I’ve just added The Loom to the linkroll. The Loom is the blog of Carl Zimmer, who wrote the excellent and rivetingly eye-opening Parasite Rex, as well as the excellent but marginally less riveting At the Water’s Edge. They’re both worth reading, but the parasite one would be my recommendation just because the subject matter is that bit more unusual. Anyway, I was reading a long discussion in the comments about how to sell evolution to the public, and it reminded me a of a point I’ve been meaning to make for a while.
The ID movement’s current Big Idea is a rather technical attack on the mechanism of natural selection. It looks good because they appear to be engaging with biologists on their own ground, rather than relying on appeals to scripture. On the other hand, the point which seems to have the most visceral appeal to the public is the question “do you believe that you are descended from an ape?”
But there are two questions here. The idea of ‘evolution’ – that all form of life on earth share common ancestors, that Ivory-billed Woodpeckers are similar to Pileated Woodpeckers because they are actually related to each other, and yes, that we are descended from apes – is independent of natural selection. There were evolutionists before Darwin. And the weight of evidence for evolution is overwhelming.
An analogy: Newton said that a dropped apple falls to the ground because all objects are attracted to each other by gravity in proportion to their mass. Whether that’s true or not, the apple still falls. Someone who rejected Newtonian mechanics would not therefore expect apples to float in midair; apples definitely fall, and the only question is why.
Even if IDists have found a fatal flaw in natural selection*, it doesn’t make any of the evidence for evolution disappear. We are definitely descended from apes (and reptiles and fish and little wormy things). Natural selection is by far the best explanation we have for how it happened, but the evidence for evolution is now so strong that if natural selection was disproved, we would need another evolutionary explanation to replace it.
*they haven’t
2 replies on “Evolution, ID, Carl Zimmer, monkey-men and suchlike. Again.”
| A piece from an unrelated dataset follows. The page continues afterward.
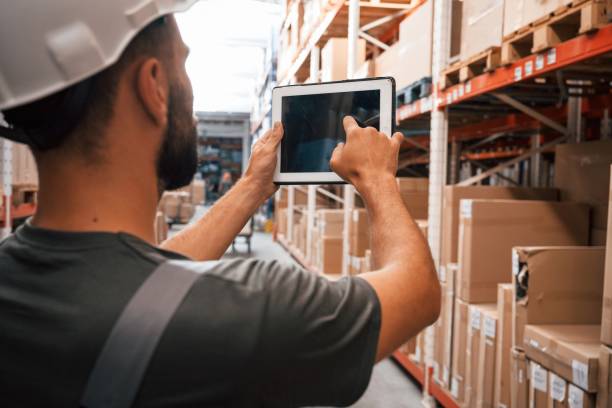 istock Using the digital tablet. Foreman is in the storehouse, shipping distribution business 2168011180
The best book I’ve read on this subject to date is – surprisingly – Darwin’s Watch: Science of the Diskworld III – mainly because it gives the story of the development of evolution theory in a wider context of how ideas develop, and uses the “idea” of intelligent design as a counter-example throughout the book.
I do think that science is more interesting if you have the historical context. You don’t appreciate how clever an theory is until you know how it was arrived at and understand what the alternative was.
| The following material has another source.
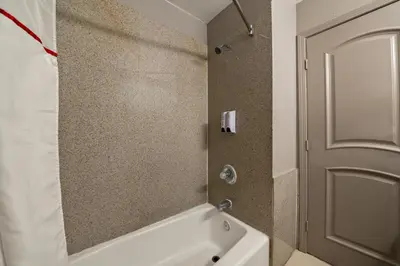 a bathroom with a white bath tub and a door at Red Roof Inn Los Angeles - Bellflower in Bellflower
Like Newton, for example – in some ways the most extraordinary leap he made wasn’t that apples fall because of gravity, or that the earth goes around the sun because of gravity – it was that both processes could be explained by the same thing. And until you know about the mish-mash of theories that existed beforehand, you can’t really appreciate how much difference Newton made.
In the case of natural selection, the alternative is some kind of ID, just as it was when Darwin was writing – only then it was called ‘natural theology’. I think that the IDist’s call for teachers to ‘teach the controversy’ ought to be an opportunity, because a good teacher ought to be able to use ID as a counterpoint to show how ingenious natural selection is, and why it explains the world around us better than ID does.